で、この2つをめぐって、教育現場ではおおむね次の2つの立場が対立しています。

一方は、「非認知能力のほうが大事」派。学力がいくら高くても、社会に出て使える人材になれるとは限らない。むしろこれからの時代は、人間力・心の力のほうが決定的に大切なのだ、という立場です。

もう一方は、「認知能力のほうが大事」派。非認知能力なんて、そもそも測れないもの。測れないものを教育の柱に据えるのは危うい。それより、読み書きや計算といった、確かに身につく認知スキルのほうがずっと大事なのだ、という立場です。

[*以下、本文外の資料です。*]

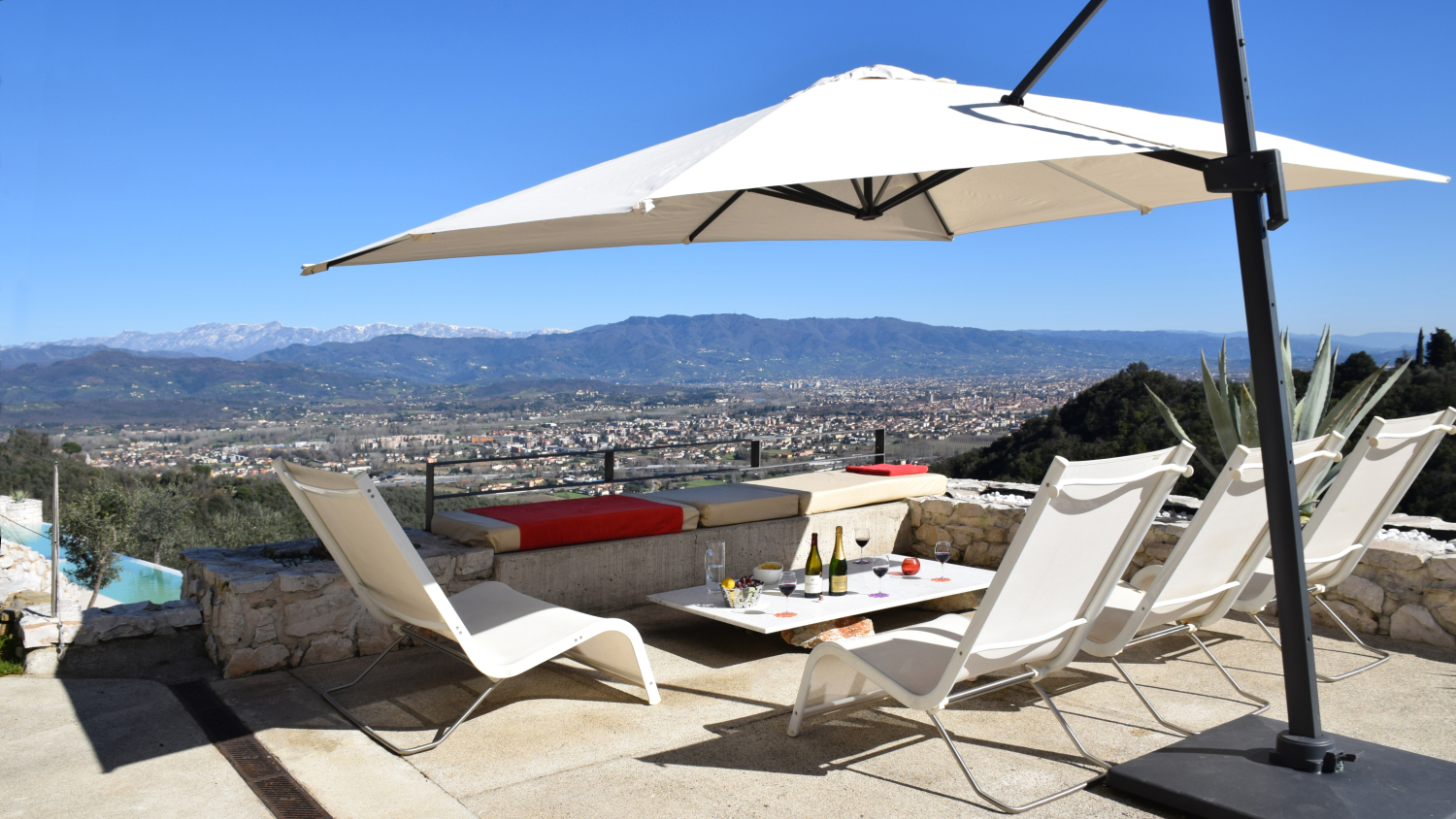 OUTSIDE AREA  (7).jpg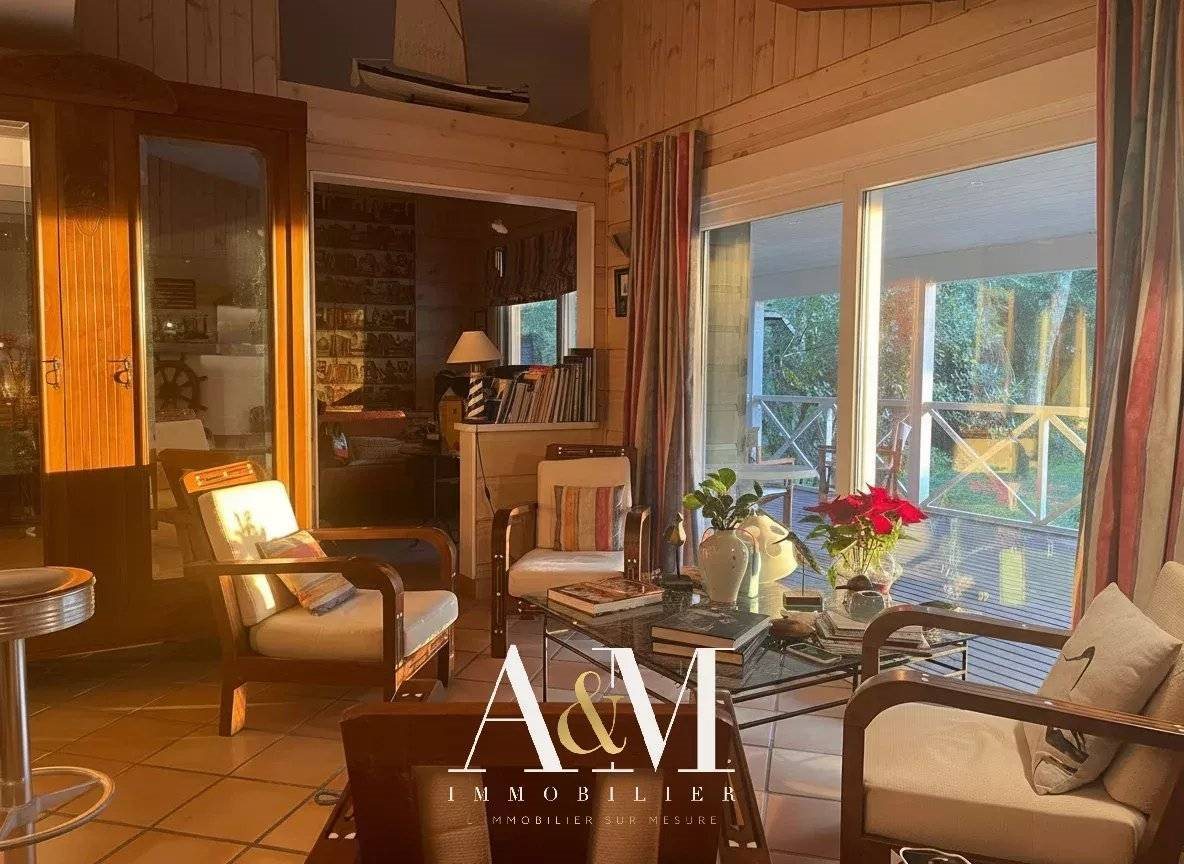 Maison à vendre, 170m², Arès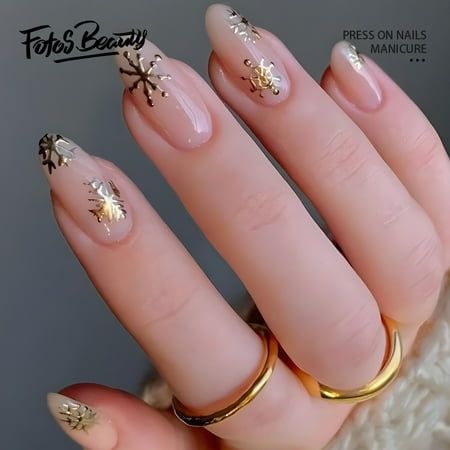 Festive Holiday Nail Ideas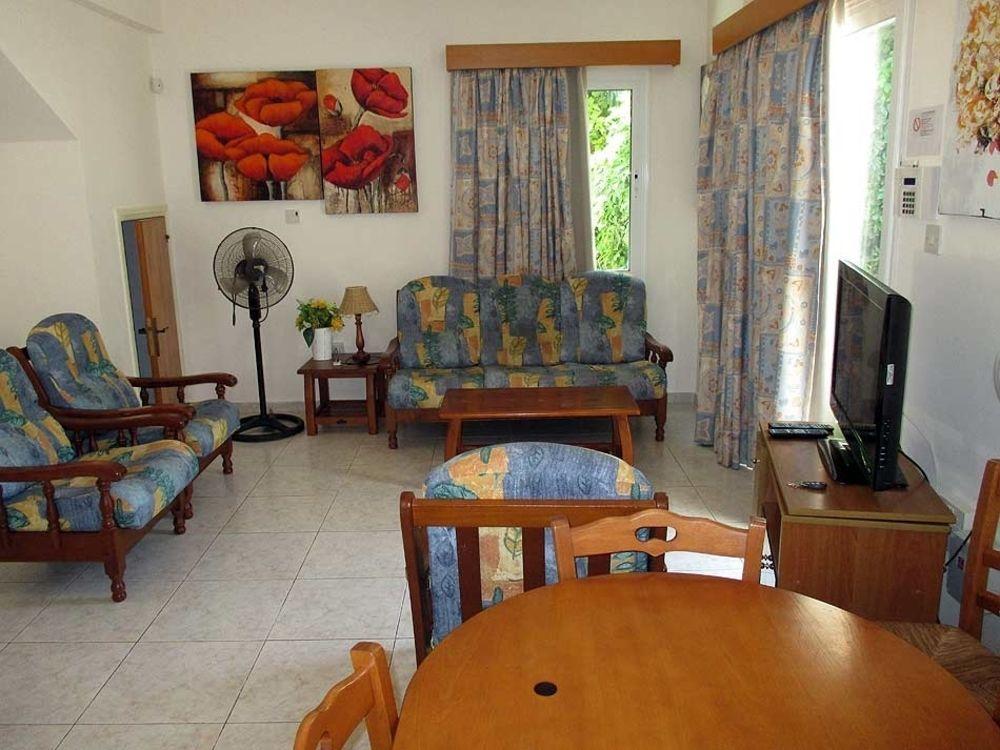 Rododafni Villas Klorakas Exterior photo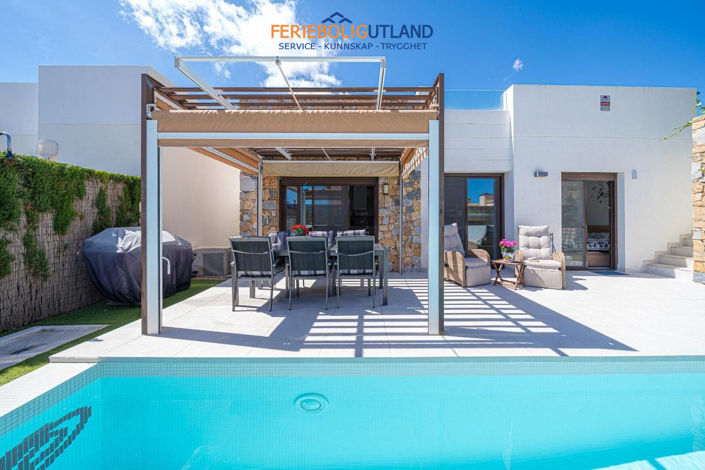 Image No.1-Villa de 3 chambres à vendre à Cabo Roig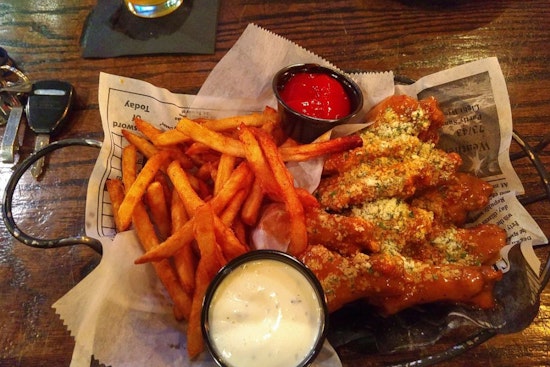 The 3 best spots to score chicken wings in Norfolk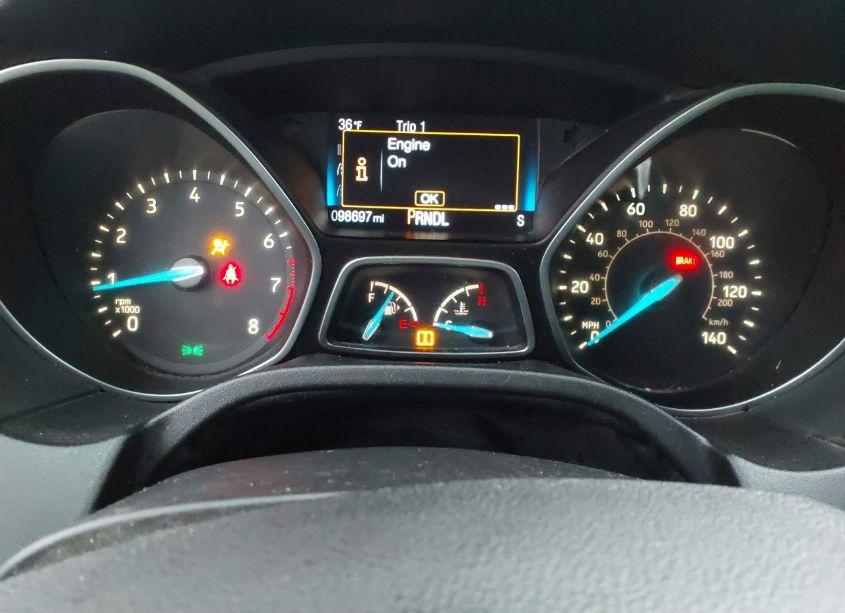 Photo 7 of 2018 Ford Focus SE (VIN 1FADP3F22JL238753)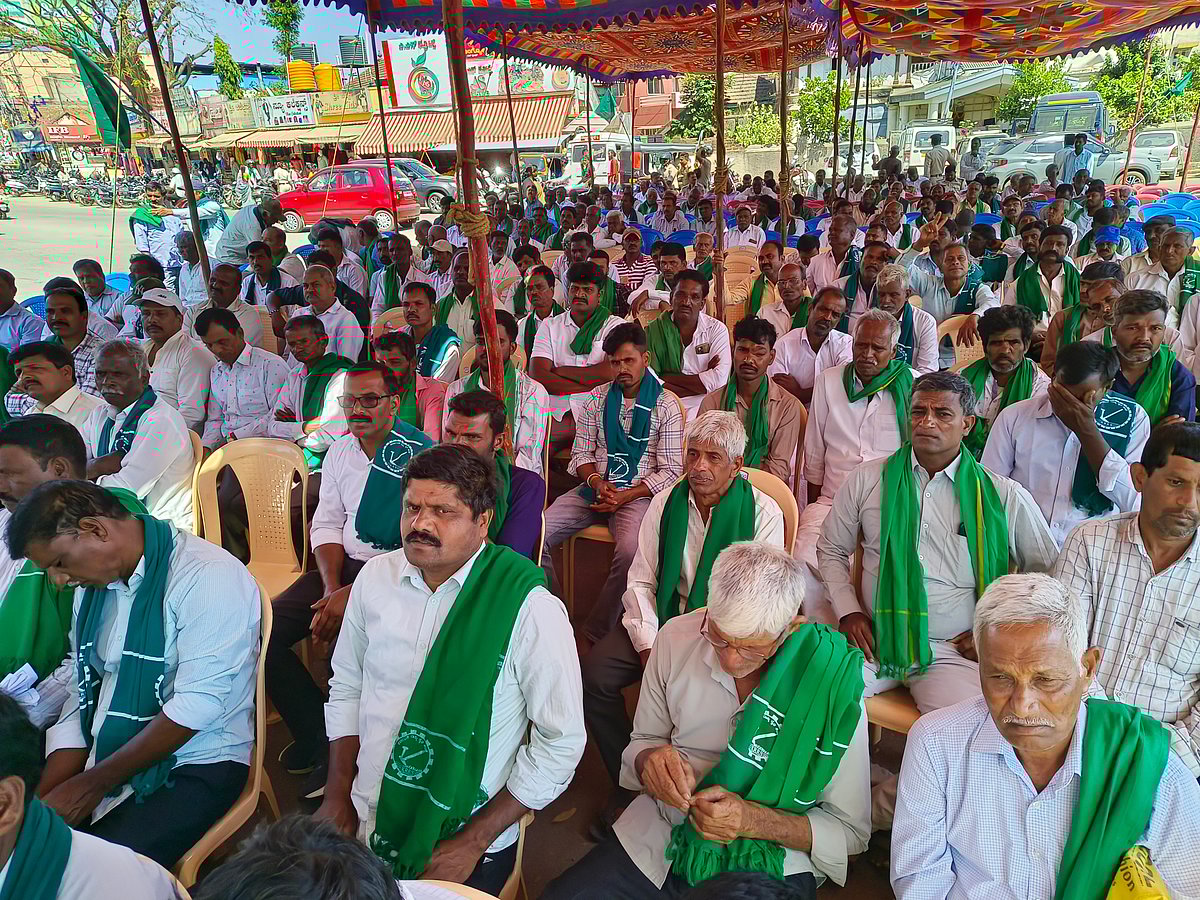 ಚಿಕ್ಕಮಗಳೂರು | ಬಗರ್ ಹುಕುಂ ಅರ್ಜಿ ಶೀಘ್ರ ಇತ್ಯರ್ಥಕ್ಕೆ ಆಗ್ರಹ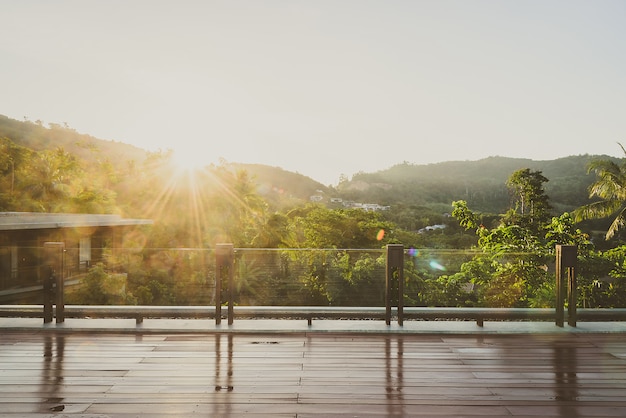 Foto gratuita balcon al aire libre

そして、この議論と密接に結びついて、こんなことがよく言われます。

「一般入試で測るのは認知能力、推薦入試で測るのは非認知能力」

一般入試は学力テストなんだから認知能力の勝負、推薦入試は活動実績や面接なんだから非認知能力の勝負。

なんとなく、そう言われると納得してしまいそうになる整理です。でも、僕はこの整理そのものが、実は教育の本質をかなり誤解させていると思っています。